*Task to complete*:
In your reply, restate all of the records below word for word.

══ Data shown

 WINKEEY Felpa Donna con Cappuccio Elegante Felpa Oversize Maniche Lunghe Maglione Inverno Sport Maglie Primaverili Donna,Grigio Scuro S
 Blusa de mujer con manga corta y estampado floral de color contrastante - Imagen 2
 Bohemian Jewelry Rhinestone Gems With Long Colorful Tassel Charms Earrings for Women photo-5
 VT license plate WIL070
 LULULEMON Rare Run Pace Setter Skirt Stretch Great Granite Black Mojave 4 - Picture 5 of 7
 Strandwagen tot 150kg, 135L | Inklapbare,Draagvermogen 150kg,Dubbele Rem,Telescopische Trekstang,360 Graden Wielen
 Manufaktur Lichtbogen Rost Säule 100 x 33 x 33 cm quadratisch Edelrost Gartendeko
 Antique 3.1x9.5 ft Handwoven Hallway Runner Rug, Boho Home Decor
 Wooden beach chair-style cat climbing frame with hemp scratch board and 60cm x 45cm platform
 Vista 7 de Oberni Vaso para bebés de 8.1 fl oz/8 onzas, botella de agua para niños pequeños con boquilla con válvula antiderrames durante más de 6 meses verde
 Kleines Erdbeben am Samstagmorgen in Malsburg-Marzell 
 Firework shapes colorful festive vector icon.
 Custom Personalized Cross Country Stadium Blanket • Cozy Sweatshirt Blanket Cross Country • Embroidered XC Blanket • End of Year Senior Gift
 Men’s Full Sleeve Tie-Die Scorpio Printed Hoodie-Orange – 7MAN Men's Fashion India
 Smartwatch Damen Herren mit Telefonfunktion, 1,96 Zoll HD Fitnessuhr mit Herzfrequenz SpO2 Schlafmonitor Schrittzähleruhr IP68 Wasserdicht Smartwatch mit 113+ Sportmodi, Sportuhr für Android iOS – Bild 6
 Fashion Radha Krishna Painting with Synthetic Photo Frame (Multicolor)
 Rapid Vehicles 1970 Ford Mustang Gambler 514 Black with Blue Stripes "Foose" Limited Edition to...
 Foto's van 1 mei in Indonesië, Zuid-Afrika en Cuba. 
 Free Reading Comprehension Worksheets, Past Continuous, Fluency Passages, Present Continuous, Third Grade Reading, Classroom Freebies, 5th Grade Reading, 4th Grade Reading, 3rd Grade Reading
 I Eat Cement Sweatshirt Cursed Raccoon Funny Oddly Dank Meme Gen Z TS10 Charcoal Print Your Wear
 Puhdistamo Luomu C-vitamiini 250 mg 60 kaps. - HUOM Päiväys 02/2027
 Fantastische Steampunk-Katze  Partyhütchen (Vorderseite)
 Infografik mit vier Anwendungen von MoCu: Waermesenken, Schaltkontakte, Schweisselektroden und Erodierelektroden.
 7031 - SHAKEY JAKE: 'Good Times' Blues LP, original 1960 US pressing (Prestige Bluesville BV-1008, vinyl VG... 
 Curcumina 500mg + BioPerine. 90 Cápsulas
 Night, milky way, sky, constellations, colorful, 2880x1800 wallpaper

════

*Reply*:
 WINKEEY Felpa Donna con Cappuccio Elegante Felpa Oversize Maniche Lunghe Maglione Inverno Sport Maglie Primaverili Donna,Grigio Scuro S
 Blusa de mujer con manga corta y estampado floral de color contrastante - Imagen 2
 Bohemian Jewelry Rhinestone Gems With Long Colorful Tassel Charms Earrings for Women photo-5
 VT license plate WIL070
 LULULEMON Rare Run Pace Setter Skirt Stretch Great Granite Black Mojave 4 - Picture 5 of 7
 Strandwagen tot 150kg, 135L | Inklapbare,Draagvermogen 150kg,Dubbele Rem,Telescopische Trekstang,360 Graden Wielen
 Manufaktur Lichtbogen Rost Säule 100 x 33 x 33 cm quadratisch Edelrost Gartendeko
 Antique 3.1x9.5 ft Handwoven Hallway Runner Rug, Boho Home Decor
 Wooden beach chair-style cat climbing frame with hemp scratch board and 60cm x 45cm platform
 Vista 7 de Oberni Vaso para bebés de 8.1 fl oz/8 onzas, botella de agua para niños pequeños con boquilla con válvula antiderrames durante más de 6 meses verde
 Kleines Erdbeben am Samstagmorgen in Malsburg-Marzell 
 Firework shapes colorful festive vector icon.
 Custom Personalized Cross Country Stadium Blanket • Cozy Sweatshirt Blanket Cross Country • Embroidered XC Blanket • End of Year Senior Gift
 Men’s Full Sleeve Tie-Die Scorpio Printed Hoodie-Orange – 7MAN Men's Fashion India
 Smartwatch Damen Herren mit Telefonfunktion, 1,96 Zoll HD Fitnessuhr mit Herzfrequenz SpO2 Schlafmonitor Schrittzähleruhr IP68 Wasserdicht Smartwatch mit 113+ Sportmodi, Sportuhr für Android iOS – Bild 6
 Fashion Radha Krishna Painting with Synthetic Photo Frame (Multicolor)
 Rapid Vehicles 1970 Ford Mustang Gambler 514 Black with Blue Stripes "Foose" Limited Edition to...
 Foto's van 1 mei in Indonesië, Zuid-Afrika en Cuba. 
 Free Reading Comprehension Worksheets, Past Continuous, Fluency Passages, Present Continuous, Third Grade Reading, Classroom Freebies, 5th Grade Reading, 4th Grade Reading, 3rd Grade Reading
 I Eat Cement Sweatshirt Cursed Raccoon Funny Oddly Dank Meme Gen Z TS10 Charcoal Print Your Wear
 Puhdistamo Luomu C-vitamiini 250 mg 60 kaps. - HUOM Päiväys 02/2027
 Fantastische Steampunk-Katze  Partyhütchen (Vorderseite)
 Infografik mit vier Anwendungen von MoCu: Waermesenken, Schaltkontakte, Schweisselektroden und Erodierelektroden.
 7031 - SHAKEY JAKE: 'Good Times' Blues LP, original 1960 US pressing (Prestige Bluesville BV-1008, vinyl VG... 
 Curcumina 500mg + BioPerine. 90 Cápsulas
 Night, milky way, sky, constellations, colorful, 2880x1800 wallpaper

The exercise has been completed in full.